The time is the not-so-distant future, when the US's spiraling social freedoms have finally called down a reaction, an Iranian-style repressive "monotheocracy" calling itself the Republic of Gilead—a Bible-thumping, racist, capital-punishing, and misogynistic rule that would do away with pleasure altogether were it not for one thing: that the Gileadan women, pure and true (as opposed to all the nonbelieving women, those who've ever been adulterous or married more than once), are found rarely fertile.
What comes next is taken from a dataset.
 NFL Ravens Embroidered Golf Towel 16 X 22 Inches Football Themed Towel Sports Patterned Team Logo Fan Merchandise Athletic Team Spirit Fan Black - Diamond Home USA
Thus are drafted a whole class of "handmaids," whose function is to bear the children of the elite, to be fecund or else (else being certain death, sent out to be toxic-waste removers on outlying islands). The narrative frame for Atwood's dystopian vision is the hopeless private testimony of one of these surrogate mothers, Offred ("of" plus the name of her male protector). Lying cradled by the body of the barren wife, being meanwhile serviced by the husband, Offred's "ceremony" must be successful—if she does not want to join the ranks of the other disappeared (which include her mother, her husband—dead—and small daughter, all taken away during the years of revolt). One Of her only human conduits is a gradually developing affair with her master's chauffeur—something that's balanced more than offset, though, by the master's hypocritically un-Puritan use of her as a kind of B-girl at private parties held by the ruling men in a spirit of nostalgia and lust. This latter relationship, edging into real need (the master's), is very effectively done; it highlights the handmaid's (read Everywoman's) eternal exploitation, profane or sacred ("We are two-legged wombs, that's all: sacred vessels, ambulatory chalices"). Atwood, to her credit, creates a chillingly specific, imaginable night-mare. The book is short on characterization—this is Atwood, never a warm writer, at her steeliest—and long on cynicism—it's got none of the human credibility of a work such as Walker Percy's Love In The Ruins. But the scariness is visceral, a world that's like a dangerous and even fatal grid, an electrified fence.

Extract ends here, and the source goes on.